D’ores et déjà, ce que nous pouvons dire des démons qui prennent possession de l’âme humaine dans cette représentation, c’est qu’ils présentent les caractéristiques suivantes :

– contrairement aux Erinyes de la religion des Grecs anciens dont le but, en entraînant l’homme vers le monde de la nuit, et vers l’exil de la folie, est de le punir pour des fautes commises contre l’ordre instauré par les dieux, le démon, lui, incarne l’antagonisme à Dieu. Il ne punit pas pour une faute : il pousse au contraire à la commettre !

– le mode d’existence du démon est paradoxal, en ce sens que cette existence ne devient réelle et agissante, et donc aliénante, que dans la mesure où l’homme est tombé dans la déchéance du fait de son éloignement de Dieu. Par conséquent, il convient d’un côté de dire que le démon n’existe pas en dehors du point de vue de l’homme déchu, dégradé : il est son illusion ! Une illusion qui se dissipe dès lors qu’il cesse d’occuper ce point de vue.

Mais, d’un autre côté, la guérison de l’âme suppose en quelque sorte que l’exorciste fasse comme si le démon existait vraiment, qu’il entre donc dans l’ordre de réalité du possédé, qu’il le rejoigne dans son illusion… Car le retour à la liberté pour l’âme ne se réalise pas sans un combat qui libère de l’emprise du démon ! De sorte que l’illusion devient une réalité de l’action.

– à partir de cette réalité voulue par les besoins de l’action, le démon acquiert aussi le pouvoir de se dissimuler. Cette dissimulation n’est en réalité que l’autre visage de la résistance de l’âme qui ne parvient pas à rompre avec son état de déchéance. Mais du pouvoir de dissimulation du démon va s’affirmer une sorte de définition très large de l’aliénation qui la rend plus proche de la vie soumise aux normes de la vie sociale que des excentricités de la démence…

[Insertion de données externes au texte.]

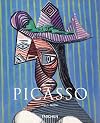 Pablo Picasso 1881-1973: Genius of the Century (Basic Art)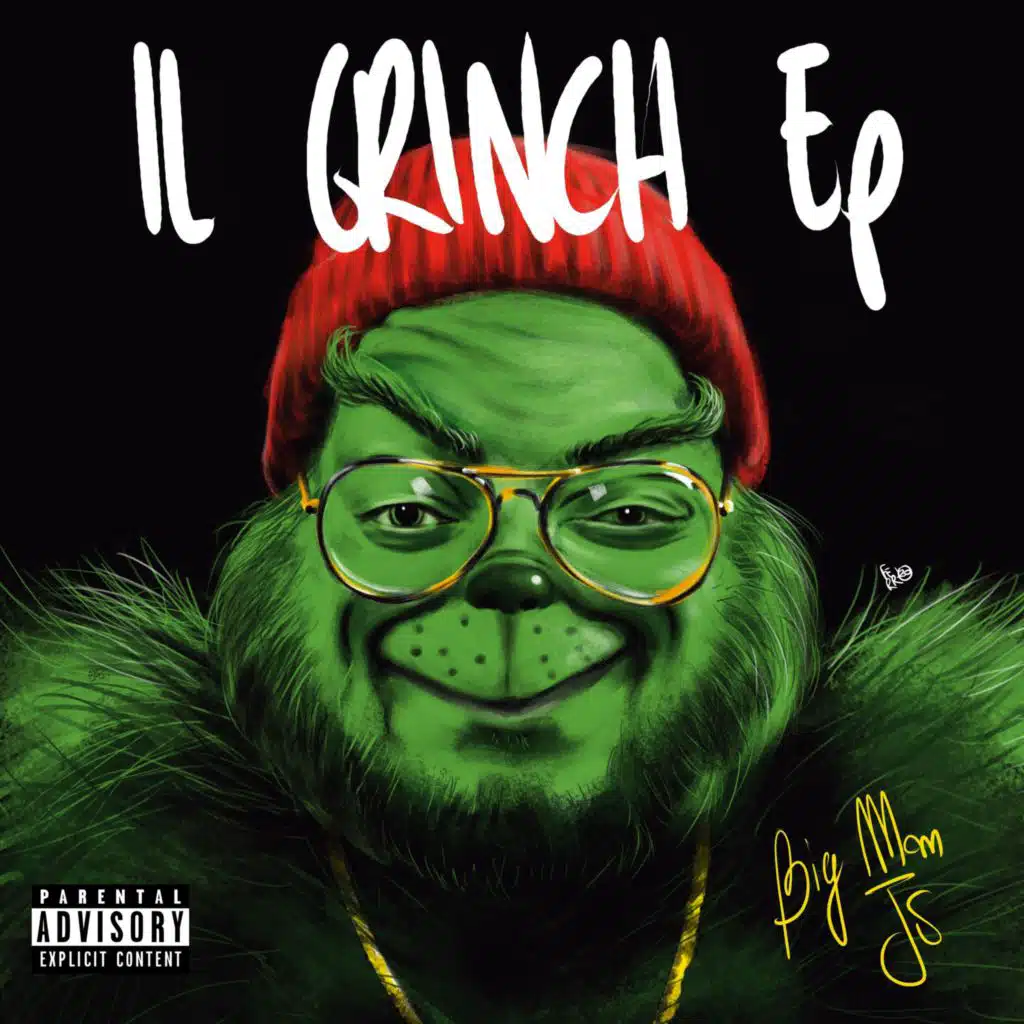 Il Grinch Ep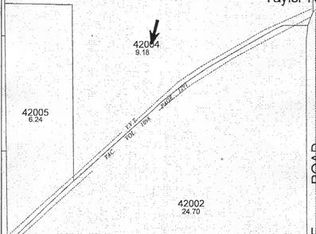 Taylor Rd, Selah, WA 98942
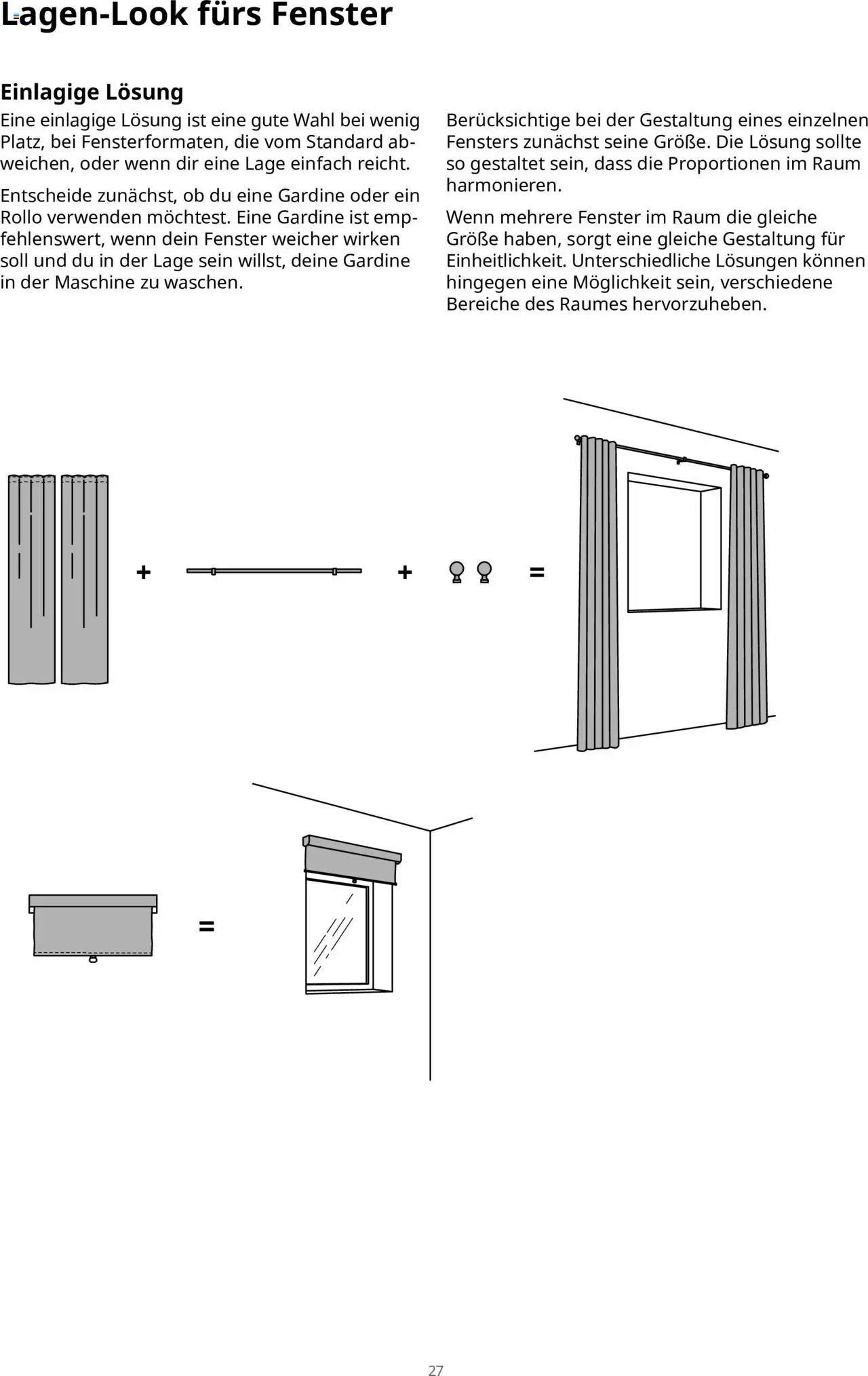Ikea Fenster - Seite 27 - gültig ab 30.09.2025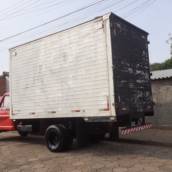 Transporte de Mudança e Frete para Todo Brasil - Sua Jornada Sem Fronteiras - Eficiência e Confiança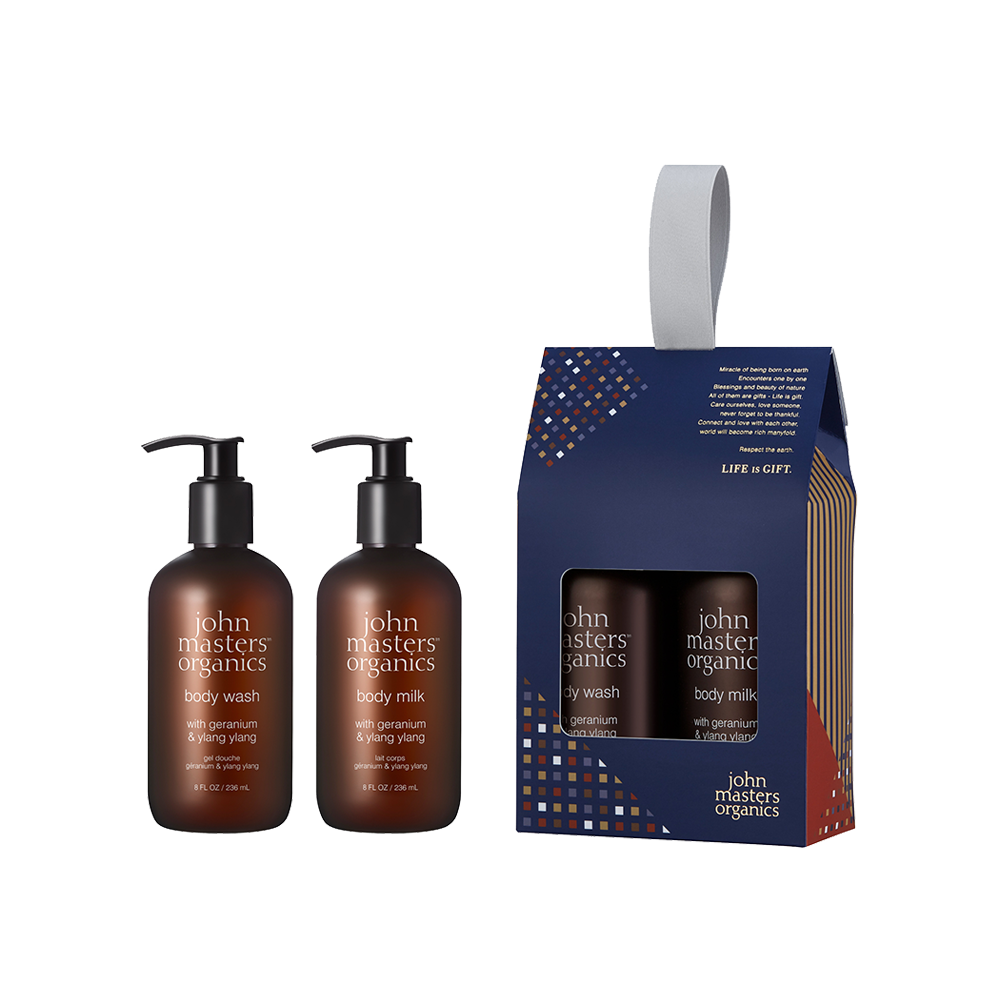 ENVIRON ボディケアシリーズ 3点セット ENVIRON ボディケアシリーズ 3点セット ENVIRON ボディケア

L’homme de la normalité n’est souvent qu’un possédé du démon qui s’ingénie à nier la réalité de son état, et qui trouve dans ses semblables le moyen de conforter sa politique de déni, de travestissement de son aliénation en liberté…

Cette approche a enfin ceci de particulier qu’elle montre comment le démon peut user de l’argument de son inexistence dans l’absolu pour mieux jouer de sa dissimulation, et échapper ainsi aux prises de toute volonté libératrice.